T_RM in the female reproductive mucosa and skin have been shown to be present in “cluster” with other T cells and professional antigen-presenting cells (APCs) (Fig. 1a) [29,30]. These memory lymphocyte clusters (MLCs) are distinct from tertiary lymphoid organs (TLOs) but thought to play a similar critical role in initiating early responses against reinfections. The chemokine CCL5 derived from the APCs or CD8 T cells is important for maintenance of CD4 T_RM within these microanatomical niches. CCL5 expression in turn is maintained via a positive feedback loop by low level IFN-γ produced by T_RM cells present within the MLCs. Similarly in influenza infection, CD4 T_RMs are maintained within TLOs termed inducible bronchus-associated lymphoid tissues where they promote survival and function of CD8 T_RM as well as resident B cells (Fig. 1b) [28,31].

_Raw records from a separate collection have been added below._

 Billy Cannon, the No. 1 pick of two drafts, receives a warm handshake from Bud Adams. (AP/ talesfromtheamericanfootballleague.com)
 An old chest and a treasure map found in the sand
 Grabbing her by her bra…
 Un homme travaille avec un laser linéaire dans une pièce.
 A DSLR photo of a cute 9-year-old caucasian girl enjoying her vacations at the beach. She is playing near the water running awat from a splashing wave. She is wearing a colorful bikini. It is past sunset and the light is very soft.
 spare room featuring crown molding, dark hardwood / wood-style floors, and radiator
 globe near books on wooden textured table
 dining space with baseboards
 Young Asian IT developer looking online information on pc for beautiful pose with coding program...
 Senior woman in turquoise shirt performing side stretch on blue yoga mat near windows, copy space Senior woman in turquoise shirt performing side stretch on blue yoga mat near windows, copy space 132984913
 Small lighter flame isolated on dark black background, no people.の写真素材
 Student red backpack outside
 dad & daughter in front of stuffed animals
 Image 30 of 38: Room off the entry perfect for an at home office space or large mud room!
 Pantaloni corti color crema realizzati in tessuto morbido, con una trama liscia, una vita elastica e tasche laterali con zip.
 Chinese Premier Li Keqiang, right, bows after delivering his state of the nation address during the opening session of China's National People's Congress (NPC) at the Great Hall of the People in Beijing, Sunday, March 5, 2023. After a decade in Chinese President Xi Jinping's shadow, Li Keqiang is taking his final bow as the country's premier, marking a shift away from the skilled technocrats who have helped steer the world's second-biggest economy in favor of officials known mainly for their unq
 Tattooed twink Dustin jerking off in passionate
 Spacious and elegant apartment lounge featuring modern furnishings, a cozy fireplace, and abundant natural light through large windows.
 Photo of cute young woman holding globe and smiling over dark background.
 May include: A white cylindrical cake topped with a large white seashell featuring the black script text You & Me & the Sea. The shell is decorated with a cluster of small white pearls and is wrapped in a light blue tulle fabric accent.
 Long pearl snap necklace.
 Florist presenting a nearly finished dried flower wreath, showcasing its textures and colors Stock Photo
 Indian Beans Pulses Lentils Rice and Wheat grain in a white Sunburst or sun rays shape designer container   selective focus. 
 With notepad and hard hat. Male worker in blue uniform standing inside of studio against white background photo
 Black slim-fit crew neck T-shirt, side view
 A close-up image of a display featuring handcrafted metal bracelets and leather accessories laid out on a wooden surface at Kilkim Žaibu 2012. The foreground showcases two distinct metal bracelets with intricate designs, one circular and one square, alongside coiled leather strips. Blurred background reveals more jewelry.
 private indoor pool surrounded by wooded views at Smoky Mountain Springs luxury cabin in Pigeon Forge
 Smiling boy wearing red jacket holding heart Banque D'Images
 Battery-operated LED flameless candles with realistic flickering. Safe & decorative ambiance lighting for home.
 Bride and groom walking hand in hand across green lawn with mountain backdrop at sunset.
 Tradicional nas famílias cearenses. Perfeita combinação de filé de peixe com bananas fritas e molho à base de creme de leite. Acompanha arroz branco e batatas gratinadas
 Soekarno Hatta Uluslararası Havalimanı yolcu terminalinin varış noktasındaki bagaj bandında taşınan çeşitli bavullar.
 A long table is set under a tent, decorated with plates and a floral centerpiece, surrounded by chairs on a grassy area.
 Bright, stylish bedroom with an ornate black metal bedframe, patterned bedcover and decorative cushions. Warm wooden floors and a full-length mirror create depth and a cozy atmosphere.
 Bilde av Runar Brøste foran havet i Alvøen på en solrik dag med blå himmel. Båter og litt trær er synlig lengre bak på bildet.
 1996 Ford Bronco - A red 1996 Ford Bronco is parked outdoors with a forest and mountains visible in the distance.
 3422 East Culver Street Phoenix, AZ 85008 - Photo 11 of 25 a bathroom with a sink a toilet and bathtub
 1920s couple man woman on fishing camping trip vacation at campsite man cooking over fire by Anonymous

Figure 1. Cells in diverse anatomic niches supporting T_RM maintenance.

(A) T_RM in skin. CD8 T_RM in the skin epidermis require TGF-β for its appropriate differentiation and long-term maintenance. The source of this TGF-β is the CD8 T_RM itself but for the activation of the latent TGF-β, T_RM rely on integrin αvβ6 and αvβ8 found on surrounding keratinocytes. Both CD4 T_RM and CD8 T_RM also require IL-15 and IL-7 produced by the cells in hair follicle for their maintenance. CD4 T_RM in the skin dermis are found in aggregates with CD11b+ macrophages and CD8 T_RM. Similar memory lymphocyte clusters are found in the female reproductive tract (FRT) as well. But unlike FRT, where these clusters are maintained by CCL-5 produced by macrophages, in skin, the CD8 T_RM are the source of CCL-5 and influence long-term maintenance of the CD4 T_RM in this unique memory niche. (B) T_RM in lung. CD4 helper T_RM colocalize with resident B cells and CD8 T_RM within the inducible bronchus-associated lymphoid tissues (iBALT) found in the lung. The CD4 T_RM rely on autocrine IL-2 for survival as well as IL-7 and IL-15. They in turn provide IL-21 which influence positioning, survival and function of CD8 T_RM. CD4 T_RM also potentiate function of locally resident B cells in the tissue and enhance their survival through co-stimulatory interactions mediated by CD40L. HEV, high endothelial venule.

c). Myeloid cells:

Differentiation and long-term persistence of CD8 T_RM are also regulated by other hematopoietic cells. Inflammatory monocytes recruited to the lamina propria of small intestine during Yersinia pseudotuberculosis infection were shown to be important for CD103neg CD8 T_RM differentiation [32]. Lung alveolar macrophages can negatively regulate CD8 T_RM abundance whereas pulmonary monocytes promote T_RM differentiation after influenza infection [33,34]. Macrophages in the salivary gland were shown to be critical to the routine immunosurveillance of the organ at steady state by CD8 T_RM [35].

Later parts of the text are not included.